For many prospective birth mothers, this feels like the best option because they will truly know the person that is raising their child. They may imagine being able to spend their weekends with their baby or having a close relationship with the adoptive family. If you’re worried about having to get to know an adoptive family for the first time, placing your child with your friend or someone you know can help alleviate some of your worries.
However, you should also think about the potential drawbacks before deciding to place your child with a friend or someone you know:
Is Giving Your Child Up for Adoption to a Friend a Bad Idea?
This answer really depends on the relationship that you have with your friend. Even though you may be interested in learning, “Can a friend of the family adopt my children?” there is a lot to consider before you start the process. Ask yourself these questions:
How close are you and your friend?
Even if we mean them to, friendships don’t always last forever. Even the best of friends might start to drift apart or resent each other. Before you think about “giving a child up” for adoption to a friend, ask yourself if your friendship will still endure after the adoption is over and if you’re ready to set new boundaries with your friend to ensure your post-placement communication.

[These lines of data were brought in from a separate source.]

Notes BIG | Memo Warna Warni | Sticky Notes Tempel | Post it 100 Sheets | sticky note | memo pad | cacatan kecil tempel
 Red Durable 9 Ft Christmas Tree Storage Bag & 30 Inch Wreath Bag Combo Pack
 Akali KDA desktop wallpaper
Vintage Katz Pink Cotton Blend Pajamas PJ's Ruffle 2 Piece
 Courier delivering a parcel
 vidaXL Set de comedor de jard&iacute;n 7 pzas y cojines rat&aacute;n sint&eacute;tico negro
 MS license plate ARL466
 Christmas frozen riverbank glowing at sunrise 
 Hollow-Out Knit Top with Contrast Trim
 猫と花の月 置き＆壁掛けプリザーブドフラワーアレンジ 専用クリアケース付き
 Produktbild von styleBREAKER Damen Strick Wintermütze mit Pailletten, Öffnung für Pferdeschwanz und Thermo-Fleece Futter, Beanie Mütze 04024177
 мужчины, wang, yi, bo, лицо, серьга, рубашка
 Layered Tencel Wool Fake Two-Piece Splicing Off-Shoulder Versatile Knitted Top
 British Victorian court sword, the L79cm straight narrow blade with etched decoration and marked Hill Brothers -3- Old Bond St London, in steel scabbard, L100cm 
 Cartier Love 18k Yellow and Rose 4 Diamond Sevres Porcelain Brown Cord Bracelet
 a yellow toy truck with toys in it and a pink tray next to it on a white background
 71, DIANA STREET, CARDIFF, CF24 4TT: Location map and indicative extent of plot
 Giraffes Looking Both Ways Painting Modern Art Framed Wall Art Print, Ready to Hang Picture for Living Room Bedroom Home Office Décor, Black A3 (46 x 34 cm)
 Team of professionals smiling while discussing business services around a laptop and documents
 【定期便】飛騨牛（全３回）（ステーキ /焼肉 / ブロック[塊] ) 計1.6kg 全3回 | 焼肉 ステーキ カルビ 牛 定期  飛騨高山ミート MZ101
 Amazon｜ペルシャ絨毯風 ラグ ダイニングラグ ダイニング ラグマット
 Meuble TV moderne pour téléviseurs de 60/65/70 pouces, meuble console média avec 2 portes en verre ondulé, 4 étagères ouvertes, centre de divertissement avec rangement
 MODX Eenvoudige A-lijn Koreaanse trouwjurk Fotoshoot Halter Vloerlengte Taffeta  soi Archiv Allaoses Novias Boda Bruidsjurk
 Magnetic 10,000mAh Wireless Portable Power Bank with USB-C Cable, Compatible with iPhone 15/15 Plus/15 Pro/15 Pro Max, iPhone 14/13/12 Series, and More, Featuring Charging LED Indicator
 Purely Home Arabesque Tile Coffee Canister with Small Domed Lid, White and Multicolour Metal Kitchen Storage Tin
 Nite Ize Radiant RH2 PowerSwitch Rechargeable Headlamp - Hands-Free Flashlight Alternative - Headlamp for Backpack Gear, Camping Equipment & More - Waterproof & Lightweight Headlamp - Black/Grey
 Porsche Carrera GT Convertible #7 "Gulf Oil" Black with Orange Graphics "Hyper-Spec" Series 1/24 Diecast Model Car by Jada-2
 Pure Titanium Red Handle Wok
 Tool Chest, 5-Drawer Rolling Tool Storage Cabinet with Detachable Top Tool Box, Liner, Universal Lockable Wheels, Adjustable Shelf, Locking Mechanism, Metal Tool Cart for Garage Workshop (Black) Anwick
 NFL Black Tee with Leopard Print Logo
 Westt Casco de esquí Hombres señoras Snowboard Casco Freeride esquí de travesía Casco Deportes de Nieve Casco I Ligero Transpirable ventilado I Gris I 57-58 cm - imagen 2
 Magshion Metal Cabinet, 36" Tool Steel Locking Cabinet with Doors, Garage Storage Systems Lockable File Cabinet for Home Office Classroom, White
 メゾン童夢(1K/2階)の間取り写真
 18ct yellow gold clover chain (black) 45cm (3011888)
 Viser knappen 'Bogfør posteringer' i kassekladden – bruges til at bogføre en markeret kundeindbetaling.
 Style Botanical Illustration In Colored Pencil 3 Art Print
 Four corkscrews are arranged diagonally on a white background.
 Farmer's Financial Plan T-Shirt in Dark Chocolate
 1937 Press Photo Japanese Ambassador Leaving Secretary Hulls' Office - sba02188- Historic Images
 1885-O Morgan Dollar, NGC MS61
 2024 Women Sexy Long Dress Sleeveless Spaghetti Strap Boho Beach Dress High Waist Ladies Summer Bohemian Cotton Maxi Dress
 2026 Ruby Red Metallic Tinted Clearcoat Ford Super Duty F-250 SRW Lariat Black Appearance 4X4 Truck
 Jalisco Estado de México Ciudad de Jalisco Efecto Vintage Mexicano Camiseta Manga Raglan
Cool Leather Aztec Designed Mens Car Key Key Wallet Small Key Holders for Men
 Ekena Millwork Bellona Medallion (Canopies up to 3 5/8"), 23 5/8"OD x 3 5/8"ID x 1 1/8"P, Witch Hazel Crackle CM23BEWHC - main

Will you be comfortable seeing your friend raise your child?
Even though you are your child’s birth mother, once the adoption is finalized, your parental rights will be terminated. This means that your friend will make the big decisions about how to raise your child. You will have to respect your friend’s parenting style, even when you don’t agree with them.
What do your friend’s other relationships look like?
Are you close with your friend’s family? What do you think of his or her significant other? These are the people that your child will spend the most time with, so you need to make sure that they’re ready to bring your child into their home and give him or her the love, care, and attention he or she deserves.
Are you hoping to get your baby back from your friend later on?
Adoption is a legally binding process, meaning that you can’t change your mind after the adoption is finalized. If you’re thinking of “giving a baby up” for adoption to a friend in order to parent him or her later on, you might want to look into temporary guardianship instead.
How to “Give Your Child Up” for Adoption to a Friend or Someone You Already Know
Even though it might not seem necessary if you’re completing an independent adoption, an adoption agency’s services can be invaluable for your upcoming process. Contacting a proper adoption professional should be the first step in every identified adoption situation.
Remember, every prospective birth mother that works with an adoption agency is entitled to the following free services:
- Financial assistance — An unexpected pregnancy can quickly turn into a financial burden. But, if you work with an adoption agency, you may be entitled to receive financial assistance (also known as your living expenses) during your adoption. This can help you cover to cost of rent, transportation, groceries, and more. You adoption specialist and adoption attorney can talk to you in more detail about what you’re entitled to receive.
- Legal representation — If you’re completing an independent adoption while you’re “giving a child up” for adoption to a friend, you’ll need to find a trusted attorney on your own. If you work with an adoption agency, however, they can connect you to an adoption specialist in your area.
- Counseling and educational resources — Having a counselor by your side during the adoption process should not be underestimated. No matter what the situation is, your adoption specialist will be there every step of the way to provide the resources you need.
Besides receiving these free services, the adoption process will be very similar to any newborn adoption. You’ll be in control of the entire process from the beginning to end and be able to decide every aspect of your child’s future.
Even if they’re your friends, the adoptive family that you’ve chosen will still need to complete the necessary background checks and clearances. In addition, you’ll also need to reach out to a trusted adoption attorney to finalize your adoption. An adoption agency can assist you both through all of these steps.
Ready to get started? Contact one of these adoption agencies today:
My Friend Wants to Adopt My Baby, But What are My Other Options?
“Giving a baby up” for adoption to a close friend isn’t the only way to make an adoption plan. You can also choose from many other adoptive families by working with an adoption professional.
Working with an adoption agency means that you’ll have access to hundreds of adoptive family profiles. These families are all pre‐screened, meaning that they are safe and ready to bring a child into their home. You will also receive professional guidance every step of the way, should you choose this path.
If you’d like to look at your other options, you have plenty of time to change your mind at any point during your unexpected pregnancy. Whenever you’re ready, your adoption specialist can send you a variety of family profiles for adoption that meet your criteria in an ideal family. Who knows? You may find the perfect match where you least expect it!